*** Block opens ***
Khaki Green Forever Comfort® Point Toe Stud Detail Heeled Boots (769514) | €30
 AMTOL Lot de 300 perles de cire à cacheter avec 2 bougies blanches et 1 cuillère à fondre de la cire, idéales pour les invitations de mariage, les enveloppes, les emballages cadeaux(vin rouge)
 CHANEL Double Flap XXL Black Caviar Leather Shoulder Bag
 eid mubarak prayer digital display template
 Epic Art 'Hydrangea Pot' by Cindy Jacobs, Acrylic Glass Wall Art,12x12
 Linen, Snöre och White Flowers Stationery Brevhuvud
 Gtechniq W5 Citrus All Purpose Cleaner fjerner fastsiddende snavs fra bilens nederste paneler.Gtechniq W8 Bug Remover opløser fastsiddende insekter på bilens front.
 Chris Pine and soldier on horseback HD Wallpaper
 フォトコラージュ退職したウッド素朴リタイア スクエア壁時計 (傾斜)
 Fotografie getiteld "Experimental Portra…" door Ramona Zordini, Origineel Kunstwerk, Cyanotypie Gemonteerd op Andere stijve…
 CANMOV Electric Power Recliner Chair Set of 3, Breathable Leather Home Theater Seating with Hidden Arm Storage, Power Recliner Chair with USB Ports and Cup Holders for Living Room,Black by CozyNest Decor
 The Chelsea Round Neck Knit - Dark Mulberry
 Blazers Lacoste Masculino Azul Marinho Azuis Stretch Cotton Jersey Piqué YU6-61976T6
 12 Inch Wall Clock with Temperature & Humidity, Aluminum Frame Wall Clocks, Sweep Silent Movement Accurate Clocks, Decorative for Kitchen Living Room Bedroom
*** Block closes ***
Assignment
In the data above, which lines include "Room"? Return those lines.

Output for this exercise
 CANMOV Electric Power Recliner Chair Set of 3, Breathable Leather Home Theater Seating with Hidden Arm Storage, Power Recliner Chair with USB Ports and Cup Holders for Living Room,Black by CozyNest Decor
 12 Inch Wall Clock with Temperature & Humidity, Aluminum Frame Wall Clocks, Sweep Silent Movement Accurate Clocks, Decorative for Kitchen Living Room Bedroom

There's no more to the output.